The bill provides a modest, targeted DoD investment to accelerate validation and domestic manufacturing of improved TBI diagnostics—improving diagnosis and readiness for service members—while leaving broader civilian treatment access, longer-term support, and some competitive openness uncertain.
Military personnel (service members) are likely to get faster and more accurate TBI diagnosis in combat and operational settings, improving immediate care, survival chances, return-to-duty decisions, and long-term brain-health monitoring.
U.S. companies, small businesses, and nonprofits receive targeted grants and pilot support that accelerate RDT&E and manufacturing scale-up for promising TBI diagnostics, helping promising technologies move toward production and commercialization.
Including DoD clinicians, trauma centers, and service members in studies increases the practical relevance of validations so diagnostics are more likely to work in real-world military care pathways.
Pilot funds are limited to validation, RDT&E, and manufacturing support and therefore are unlikely to expand or directly fund clinical treatment or broader access to care for civilians or all service members.
The pilot program is time-limited (terminates Sept. 30, 2029), so promising technologies may lose momentum or require additional follow-on funding to reach widespread deployment.
Grant preferences for entities within the national technology and industrial base or with prior history may disadvantage newer small innovators or foreign firms, potentially reducing competition and excluding some cost-effective solutions.
Based on analysis of 2 sections of legislative text.

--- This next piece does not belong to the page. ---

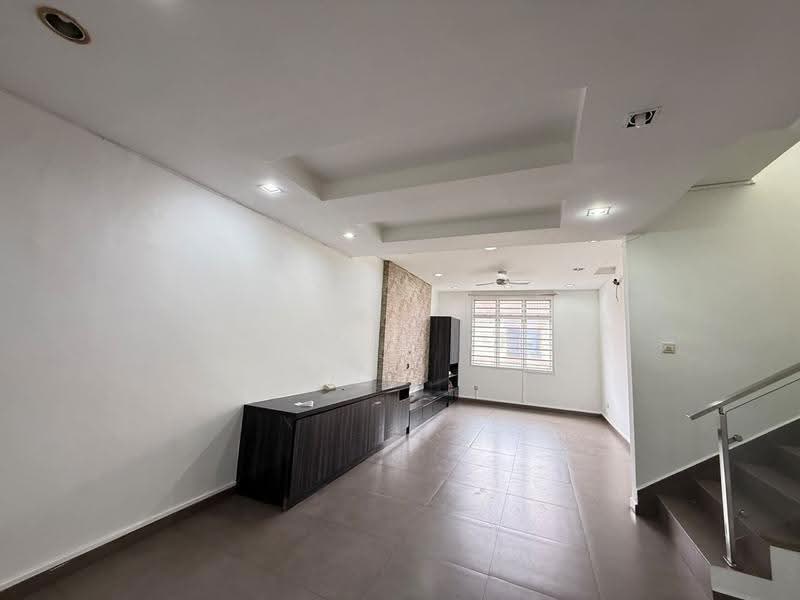 Rumah Bandar untuk Dijual di Johor Bahru (Johor) - Alanis Lee - Living Room - PropertyGuru.com.my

Directs DoD to create a pilot to evaluate and support development, testing, and production of TBI diagnostic technologies for service members and authorizes grants to eligible entities.

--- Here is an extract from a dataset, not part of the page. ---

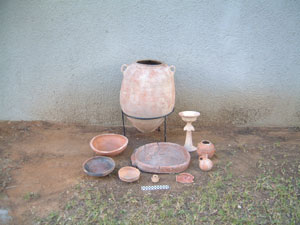 Pottery found at Tell es-Safi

Introduced December 17, 2025 by Lori Trahan · Last progress December 17, 2025
Creates a Department of Defense pilot program to evaluate, accelerate, and help transition diagnostic technologies for traumatic brain injury (TBI) that can be used with service members in operational and combat settings. The pilot must be set up within 180 days, assess feasibility of supporting manufacturers and developers, evaluate diagnostic performance and integration with other clinical tools and sensors, and enable research, development, testing, evaluation, and transition to production through grants to eligible entities.